-- Exercise material follows --

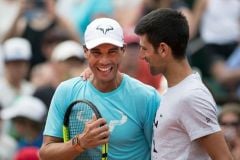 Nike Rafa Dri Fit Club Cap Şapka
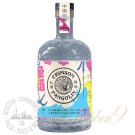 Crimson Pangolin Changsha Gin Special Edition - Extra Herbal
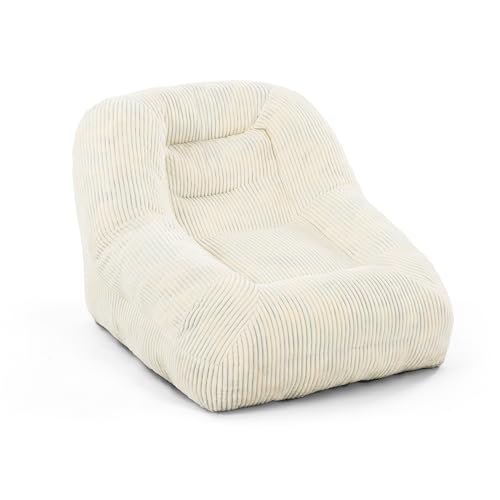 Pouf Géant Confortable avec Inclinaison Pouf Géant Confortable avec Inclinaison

-- Exercise material concluded --
-- Exercise material follows --

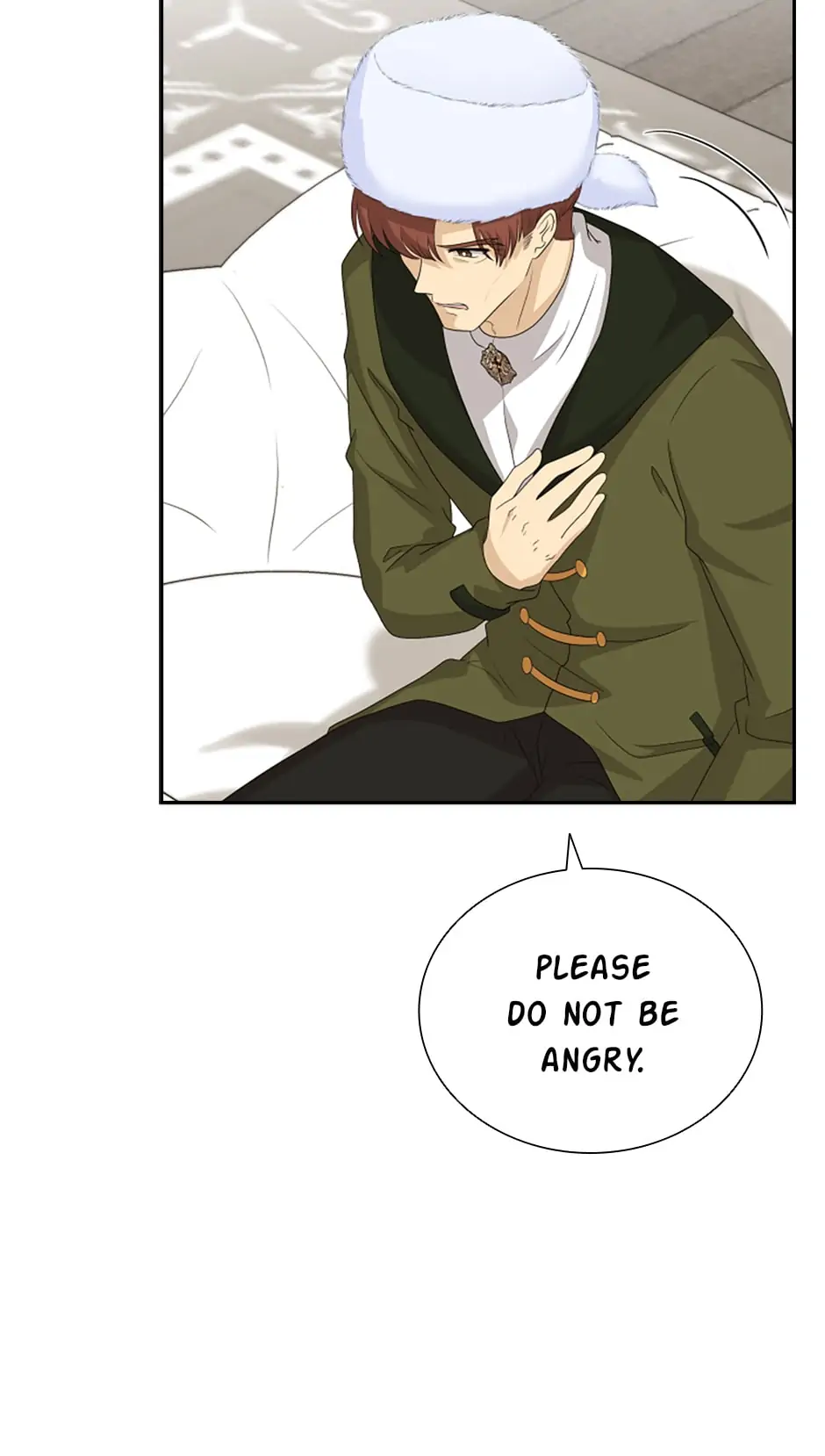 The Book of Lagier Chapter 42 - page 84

-- Exercise material concluded --
-- Exercise material follows --

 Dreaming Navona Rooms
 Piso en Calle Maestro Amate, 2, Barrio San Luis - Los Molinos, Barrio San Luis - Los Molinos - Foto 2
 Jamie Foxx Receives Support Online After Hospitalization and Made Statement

-- Exercise material concluded --

*What the exercise asks*
Within the material above, only the stretch from the line holding "Crimson Pangolin Changsha" through the line holding "Pouf Géant Confortable avec Inclinaison Pouf" is to be restated exactly. Pictures are dropped.

*Output of the exercise*
 Crimson Pangolin Changsha Gin Special Edition - Extra Herbal
 Pouf Géant Confortable avec Inclinaison Pouf Géant Confortable avec Inclinaison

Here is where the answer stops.